Rep. Paul McGowan, D-York, pointed out that some people have legitimate reasons for wanting information on who has permits and who doesn’t. One such scenario, he said, is when a parent sends his or her child to another family’s home to visit.
“I would ask that you take deep consideration of this other side,” he said. “I have constituents who want to know that you’re thinking about their rights. There are many of my constituents who do not think of guns as a friendly thing. They think of guns as a threat.”

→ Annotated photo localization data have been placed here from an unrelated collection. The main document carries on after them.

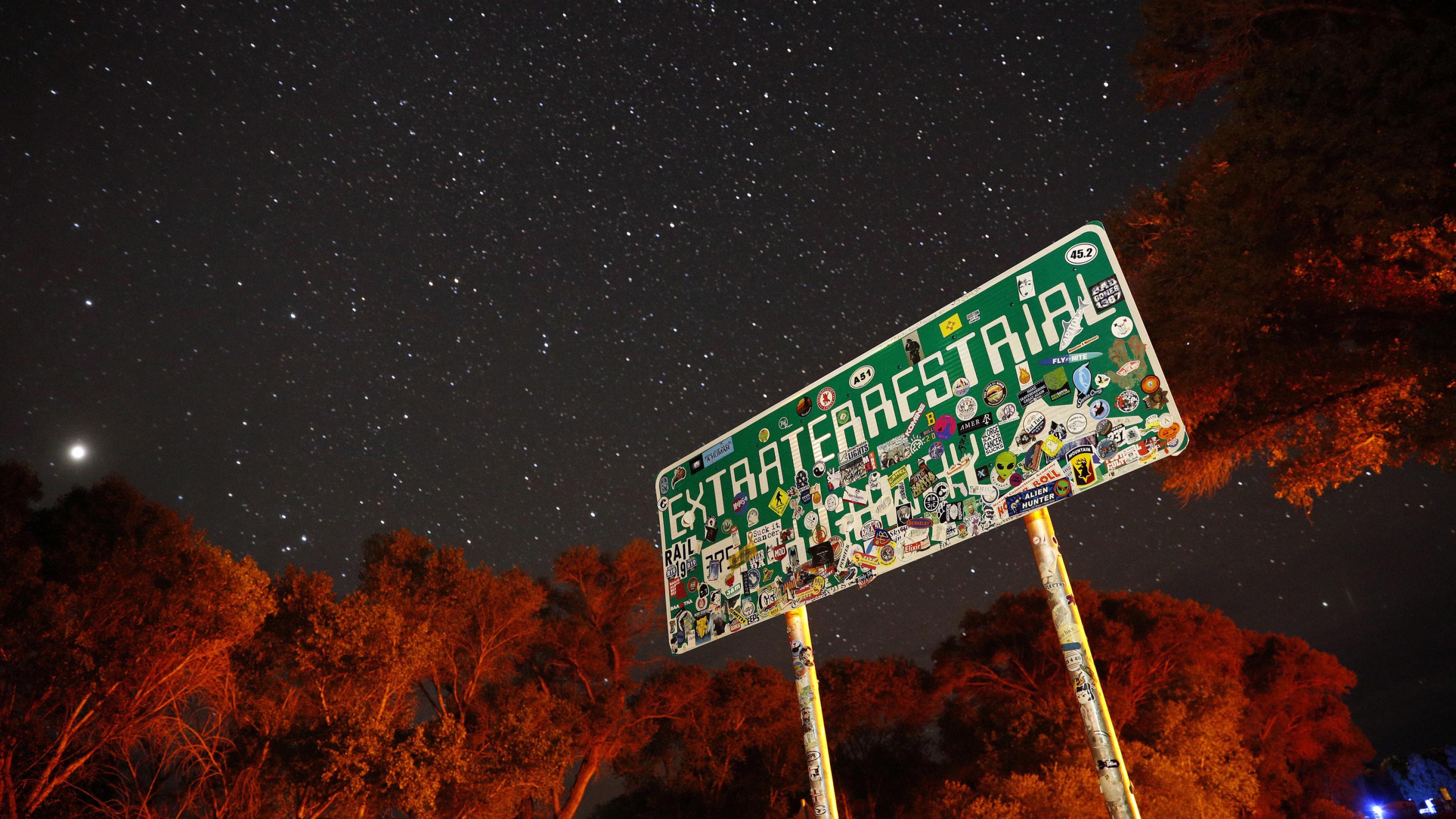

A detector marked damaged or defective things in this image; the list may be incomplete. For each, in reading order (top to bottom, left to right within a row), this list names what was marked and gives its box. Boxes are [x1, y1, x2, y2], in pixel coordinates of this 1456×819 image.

rusty metal pole [786, 603, 844, 810]
rusty metal pole [1019, 507, 1141, 810]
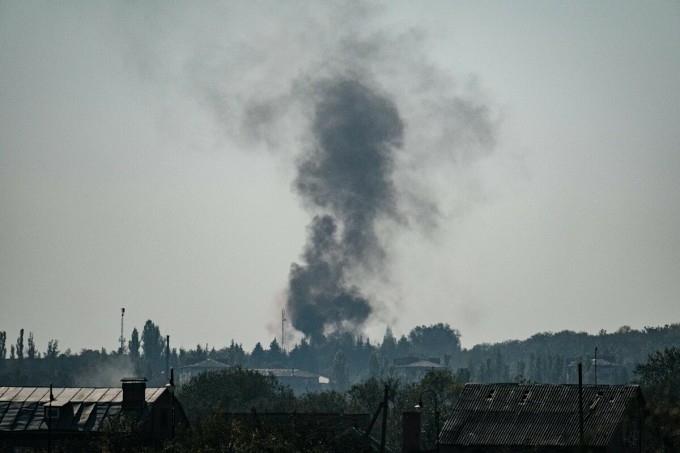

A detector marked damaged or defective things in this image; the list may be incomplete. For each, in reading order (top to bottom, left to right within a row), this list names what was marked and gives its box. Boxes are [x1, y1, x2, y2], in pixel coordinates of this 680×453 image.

rusty metal roof [0, 384, 167, 434]
rusty metal roof [440, 384, 644, 446]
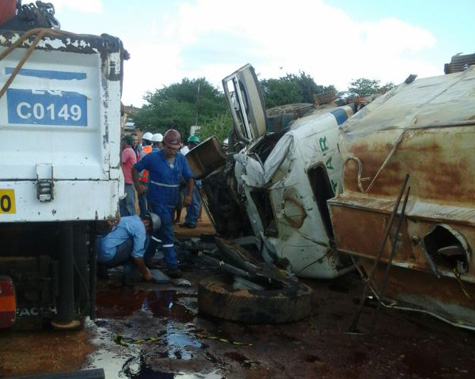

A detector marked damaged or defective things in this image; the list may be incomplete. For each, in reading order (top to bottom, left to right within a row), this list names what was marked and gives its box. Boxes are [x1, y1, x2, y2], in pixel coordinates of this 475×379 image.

damaged vehicle [188, 63, 358, 280]
damaged vehicle [330, 67, 475, 330]
overturned truck [330, 67, 475, 330]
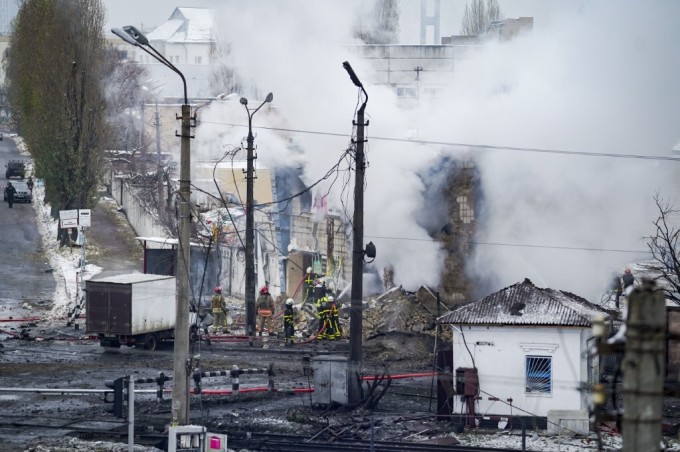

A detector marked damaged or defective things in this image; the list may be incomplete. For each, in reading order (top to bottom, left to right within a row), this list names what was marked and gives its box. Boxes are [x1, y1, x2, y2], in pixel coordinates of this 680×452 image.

Michael Mahoney, a lobbyist for the Maine Press Association, said the association opposes giving “preferential treatment” to concealed-weapons permit holders by shielding their data from public view when numerous other government-issued licenses and permits don’t have the same protection.
“These concealed-handgun permits have been public now for 32 years,” said Mahoney. “I look back at the entire 32-year history of this law and ask whether there is a compelling need to change this law. When [concealed-handgun permittees] voluntarily submitted their applications to the state, they did so knowing that information was public. This is not a situation where the state is trying to change the rules in the middle of the game.”
Shenna Bellows, executive director of the American Civil Liberties Union of Maine and board member for the Maine Freedom of Information Coalition, also spoke against the bill, although with qualifications.
“On the one hand, the public’s right to know what the government is doing is fundamental to our representative democracy. The achievement of government of and by the people requires that the people know what the government is doing,” said Bellows, whose written testimony was delivered by ACLU of Maine staff member Jill Barkley. “On the other hand, the government has significant powers to collect personal information about the citizenry and should take great care in dissemination, as well as collection, of that data. … Our position in opposition to LD 345 was developed with these constitutional precepts in mind.”
Bellows argued that keeping the records open allows the public the chance to ensure the system isn’t corrupt and cited ACLU cases in South Dakota and Kentucky that found that no immigrants were receiving permits, which was a violation of equal protection language in the 14th Amendment to the U.S. Constitution.
“This bill is not a gun control bill,” she said. “It is a government secrecy bill.”
Suzanne Goucher of the Maine Freedom of Information Coalition agreed.
“Who will police the police?” she asked. “Every step our government takes toward confidentiality is a step away from freedom.”
Capt. Christopher Wainwright of the Oxford County Sheriff’s Department spoke neither for nor against the bill, but said there is another side to the question.
“What you’re going to do also by publishing a list is to notify the public of people who don’t have a [concealed-handgun permit],” said Wainwright.
But the bill’s supporters far outnumbered opponents. Michael Cianchette, chief counsel for Gov. Paul LePage, spoke in favor of the bill on behalf of the administration.
“It is not my right to know whether my neighbor is taking certain medication any more than it is my right to know that he or she possesses firearms,” said Cianchette.
David Trahan, executive director of the Sportsman’s Alliance of Maine, has been at the tip of the sword against releasing concealed-handgun permit data.
“No reporter or political entity ever has the right to play games with personal information,” said Trahan. “Every American is the government and the information in question is ours individually and only collected by the government.”
A work session on Wilson’s bill is scheduled for March 21 with the Judiciary Committee.